§ Scraped caption text data:

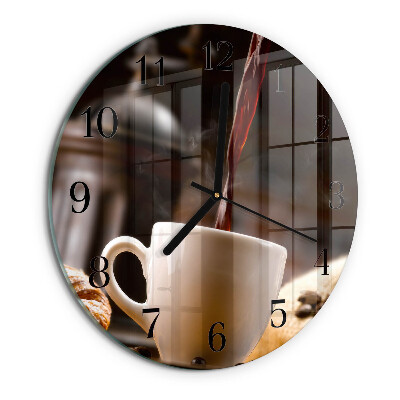 Reloj de pared redondo Café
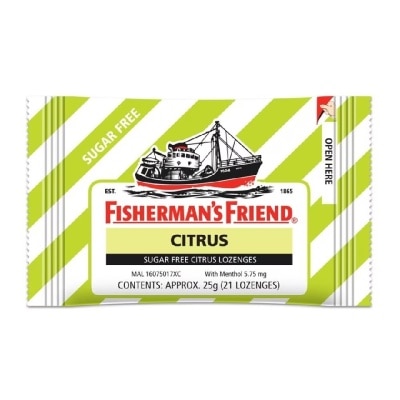 FISHERMAN'S Sugar Free Citrus Lozenges 25g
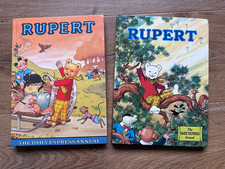 Rupert Bear Annuals 1973 and 1978 not clipped just a name in one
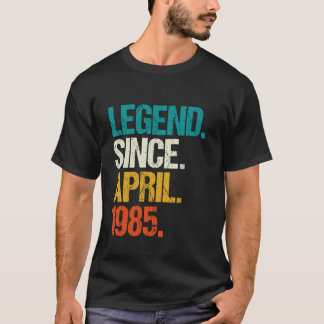 40 Year Old Gifts Legend Since April 1985 40th Bir T-Shirt
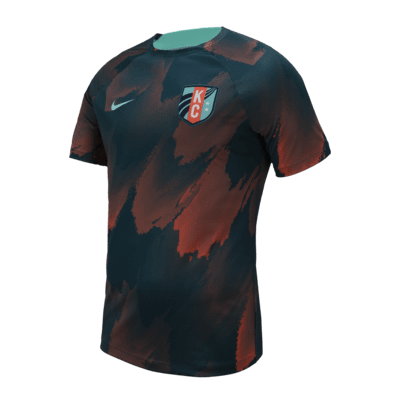 Kansas City Current Men's Nike NWSL Pre-Match Top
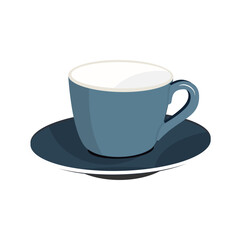 illustration of tea cup vector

§ Task to carry out: Return every entry word for word, minus the pictures.

§ Solution for this task:
 Reloj de pared redondo Café
 FISHERMAN'S Sugar Free Citrus Lozenges 25g
 Rupert Bear Annuals 1973 and 1978 not clipped just a name in one
 40 Year Old Gifts Legend Since April 1985 40th Bir T-Shirt
 Kansas City Current Men's Nike NWSL Pre-Match Top
 illustration of tea cup vector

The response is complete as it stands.